橋本月影の声は甘えているように柔らかかった。

電話を終えた橋本月影は上機嫌だった。彼女は電話を切って冷笑した。たとえ裁判所に訴えても無駄よ。こちらにはたっくんがついているから。

橋本美咲が、自分のかつての恋人が彼女を助けていると知ったら、どんな表情をするのだろう?月影は得意げになり、すっかり忘れてしまった。橋本美咲は今、彼女が言う「たっくん」には全く興味がなかったことを。

ましてや、橋本美咲には彼女を溺愛する素晴らしい夫がいたのだ。

橋本美咲の側でも、橋本月影と似たような状況が起きていたが、対象が全く逆だった。

氷川颯真は電話で焦った様子で橋本美咲に言った。「奥さん、大丈夫か?助けが必要?」

橋本美咲はため息をつき、気を取り直した。「大丈夫よ。ちょっとした問題だから、自分で解決できるわ」

橋本美咲がそう言うほど、氷川颯真はますます心を痛めた。

事を対処する様子があまりに慣れてるので、自分の妻が橋本家では、どれだけの苦労をしてきたのか。颯真は考えれば考えるほど、橋本家を許せなくなった。

颯真は橋本美咲に対して約束した。「奥さん、心配しないで。すぐに世界一の敏腕弁護士を手配して、弁護してもらうから。そちらには絶対に迷惑をかけないわ」

橋本美咲は頭を抱えた。氷川颯真はどこも素晴らしいのだが、時々焦りすぎるのが難点だった。
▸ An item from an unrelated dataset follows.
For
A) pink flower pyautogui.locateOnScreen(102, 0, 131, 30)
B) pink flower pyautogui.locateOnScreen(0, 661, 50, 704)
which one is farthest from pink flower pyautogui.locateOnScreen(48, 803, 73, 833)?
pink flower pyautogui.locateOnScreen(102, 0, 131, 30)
もう言ったじゃないか。自分で会社を経営するって。もし氷川颯真が手を貸したら、自分が彼に約束したことは何なんだ。

美咲は口を開けて、断ろうとした。

しかし、氷川颯真は妻の断りを全く聞きたくなかったように、そのまま電話を切った。

橋本美咲はため息をついた。こんな小さな出来事で、氷川颯真は世界一の敏腕弁護士を呼ぼうとした。

全く必要ないのに。何より、美咲は橋本月影がどんな手段を使うか予測できた。

どうせ黒崎拓也に頼んで、ここで一番の弁護士を呼んで裁判所で戦うだけだろう。

氷川颯真が電話を切るなんて、本当にひどすぎたわ。もし彼が電話を切らなかったら…

橋本美咲はきっと彼に言っただろう。本当に心配ないって。